■ Task goal
The answer is the set of lines that include "path", copied from the data below.

(Stored data entries)
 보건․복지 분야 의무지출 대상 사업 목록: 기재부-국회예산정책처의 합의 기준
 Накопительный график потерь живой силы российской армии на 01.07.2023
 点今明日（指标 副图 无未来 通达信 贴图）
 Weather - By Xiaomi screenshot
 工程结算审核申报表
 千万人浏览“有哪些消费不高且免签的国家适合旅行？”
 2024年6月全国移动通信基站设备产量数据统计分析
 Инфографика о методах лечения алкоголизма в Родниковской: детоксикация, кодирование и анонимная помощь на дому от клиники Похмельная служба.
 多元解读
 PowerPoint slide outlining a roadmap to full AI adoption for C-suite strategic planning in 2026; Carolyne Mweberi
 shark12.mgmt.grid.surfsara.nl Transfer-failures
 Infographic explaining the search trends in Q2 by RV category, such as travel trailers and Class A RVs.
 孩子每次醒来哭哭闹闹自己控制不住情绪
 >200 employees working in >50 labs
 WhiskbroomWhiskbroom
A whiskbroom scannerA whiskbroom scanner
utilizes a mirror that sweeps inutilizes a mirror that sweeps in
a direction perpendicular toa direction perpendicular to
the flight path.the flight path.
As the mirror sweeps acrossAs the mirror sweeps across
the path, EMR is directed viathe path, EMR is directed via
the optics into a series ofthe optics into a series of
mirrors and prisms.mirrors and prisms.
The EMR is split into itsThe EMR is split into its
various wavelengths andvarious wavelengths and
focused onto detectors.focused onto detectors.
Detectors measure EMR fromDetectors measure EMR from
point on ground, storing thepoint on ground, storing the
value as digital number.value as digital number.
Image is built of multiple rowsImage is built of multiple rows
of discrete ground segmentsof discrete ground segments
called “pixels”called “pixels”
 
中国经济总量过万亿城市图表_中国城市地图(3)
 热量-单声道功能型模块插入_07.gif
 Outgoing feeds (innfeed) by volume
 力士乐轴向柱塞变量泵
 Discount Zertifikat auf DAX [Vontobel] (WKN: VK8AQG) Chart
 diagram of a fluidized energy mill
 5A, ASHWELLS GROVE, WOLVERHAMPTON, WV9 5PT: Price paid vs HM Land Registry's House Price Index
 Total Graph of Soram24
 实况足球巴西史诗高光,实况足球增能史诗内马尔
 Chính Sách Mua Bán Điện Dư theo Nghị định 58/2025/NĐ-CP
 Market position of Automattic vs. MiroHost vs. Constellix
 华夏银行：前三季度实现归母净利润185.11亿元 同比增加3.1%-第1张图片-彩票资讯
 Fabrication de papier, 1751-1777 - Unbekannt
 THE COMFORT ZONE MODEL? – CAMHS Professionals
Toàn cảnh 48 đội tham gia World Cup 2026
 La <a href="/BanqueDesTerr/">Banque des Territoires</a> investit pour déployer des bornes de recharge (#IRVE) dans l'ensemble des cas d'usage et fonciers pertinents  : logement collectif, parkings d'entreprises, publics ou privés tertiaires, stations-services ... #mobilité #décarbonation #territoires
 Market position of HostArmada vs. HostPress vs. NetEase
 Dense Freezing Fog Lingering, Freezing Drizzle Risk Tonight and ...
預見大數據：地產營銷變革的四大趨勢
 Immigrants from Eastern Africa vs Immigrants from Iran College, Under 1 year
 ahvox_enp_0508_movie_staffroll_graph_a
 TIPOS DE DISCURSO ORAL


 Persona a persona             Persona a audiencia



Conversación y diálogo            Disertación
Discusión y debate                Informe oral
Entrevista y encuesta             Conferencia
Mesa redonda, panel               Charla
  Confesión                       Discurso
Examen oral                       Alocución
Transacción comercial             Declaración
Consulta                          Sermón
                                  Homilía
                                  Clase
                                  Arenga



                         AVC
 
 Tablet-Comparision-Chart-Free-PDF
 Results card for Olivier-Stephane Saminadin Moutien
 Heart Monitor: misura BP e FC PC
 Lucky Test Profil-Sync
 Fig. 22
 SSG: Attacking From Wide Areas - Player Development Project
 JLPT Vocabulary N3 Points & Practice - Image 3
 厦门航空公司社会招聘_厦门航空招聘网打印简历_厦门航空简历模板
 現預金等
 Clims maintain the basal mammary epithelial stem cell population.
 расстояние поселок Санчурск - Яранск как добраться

■ Result
the flight path.the flight path.
the path, EMR is directed viathe path, EMR is directed via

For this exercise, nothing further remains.